Arquitetura de alienação e as repercussões no corpo
- Estela Turozi.

- 3 de dez. de 2019
- 2 min de leitura
O meio ambiente contemporâneo e a arquitetura standard desempenham um papel opressivo. Trabalhando o dia e o ano inteiro à luz artificial, não podemos contar com a rotação do sol que confere pontos de referência temporais. Além disso, já que a luz não circula e muito menos a sombra, o corpo não é mais modelado pelo contínuo e natural jogo de claro-escuro. Nosso relevo, terceira dimensão e referencia no espaço são achatados, reduzidos. A luz artificial e sempre idêntica apaga-nos, esmaga-nos.

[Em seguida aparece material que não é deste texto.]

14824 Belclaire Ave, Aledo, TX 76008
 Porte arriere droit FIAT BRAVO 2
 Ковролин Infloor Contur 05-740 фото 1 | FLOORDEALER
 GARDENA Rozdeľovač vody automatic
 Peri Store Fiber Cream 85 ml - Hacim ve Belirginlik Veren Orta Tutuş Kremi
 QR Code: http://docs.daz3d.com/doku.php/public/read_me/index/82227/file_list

Rouba-nos ainda outra prova da existência: nossa sombra. Quanto ao movimento natural do corpo em direção ao sol, é suprimido. Com o tropismo atrofiado, perdemos uma parte do ¨natural¨, da vida vegetal e animal.

luz da cidade
Atravessar um vasto hall onde todos os objetos nos ultrapassam em tamanho, faz com que nos sintamos diminuídos e com a confiança abalada. Como esse espaço com a finalidade de acelerar o movimento da multidão, a pessoa sozinha não se sente bem nele; vê-se obrigada a modificar o próprio ritmo nesse espaço estruturado como local de passagem que desemboca numa escada ou num elevador.
A exigência de rentabilidade dos prédios modernos faz com que as escadas se situem na coluna central do edifício. Ao subir, não temos, pois, nenhuma vista do exterior, nenhum jeito de nos situarmos no espaço. Ficamos literalmente desnorteados. Sem norte nem sul.

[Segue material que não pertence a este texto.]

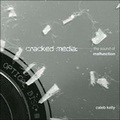 Cover: Cracked Media - MIT Press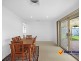 30 Brindabella Drive, Shell Cove NSW 2529
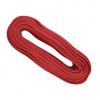 Singing Rock STATIC R44 11 mm 50m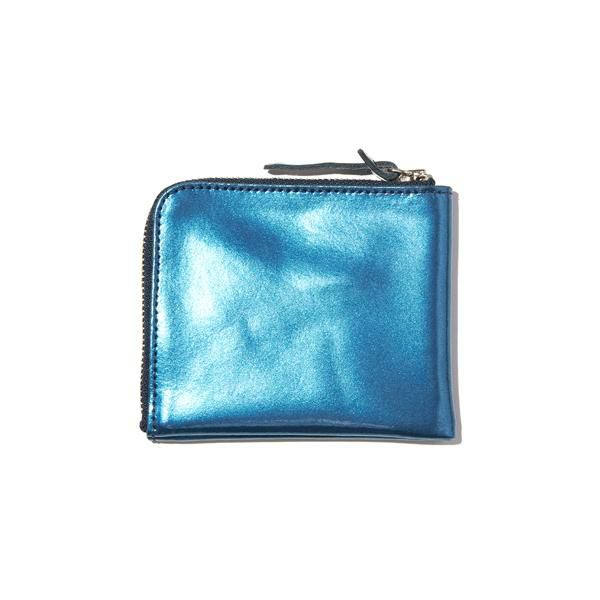 30％OFF SALE セール RADIALL ラディアル CANDY - ZIP SQUARE WALLET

Se a escada é circular, os degraus com tamanho e distância regulares, nosso olhar, avançando, não sabe nos informar se estamos chegando aos últimos degraus. É quase inevitável que tateemos com o pé ou que tropecemos antes de chegar ao patamar. E essa incerteza ou falta de jeito condicionam negativamente nosso comportamento durante a entrevista que tivermos.
Os elevadores perturbam nossos pontos de referência espaciais, assim como, por causa da irritação da parede vestibular, alteram a percepção que temos do peso do corpo e da relação entre cabeça e corpo. As impressões são complexas; mas resumindo, ao começar a subida, as pernas parecem mais pesadas. No momento da parada temos a impressão de que o corpo continua a subir antes de descer. A impressão de leveza no momento da parada é seguida da impressão de que o corpo esticou, como se a substancia pesada interna se soltasse dos pés e quisesse sair pelo alto. Na descida, o corpo parece não só mais leve como mais comprido, como se a parte da cabeça não acompanhasse o movimento e ficasse no mesmo lugar. O essencial é que, no elevador, nossa unidade corporal é atacada e sofremos por isso um efeito psíquico desfavorável.

elevador
Locais alienadores, talvez concebidos no quadro de uma política de intimidação, não deixam de ser onde temos que viver. E, apesar de tudo, queremos viver plenamente. A solução não consistirá em considerar o corpo como lugar primeiro e primordial de nossa vida? Morar antes de mais nada no próprio corpo, saber organizar lhe os movimentos, do interior, confere-nos ao menos a possibilidade de nos libertarmos da intimidação dos espaços organizados para fins sociais. Sentir-se bem no próprio corpo não será, sobretudo, poder sentir-se, admitir, perceber e desenvolver as próprias sensações?
Texto extraido do livro: O corpo tem suas razões – Antiginástica e consciência de si. Thérése Bertherat, Carol Bernstein.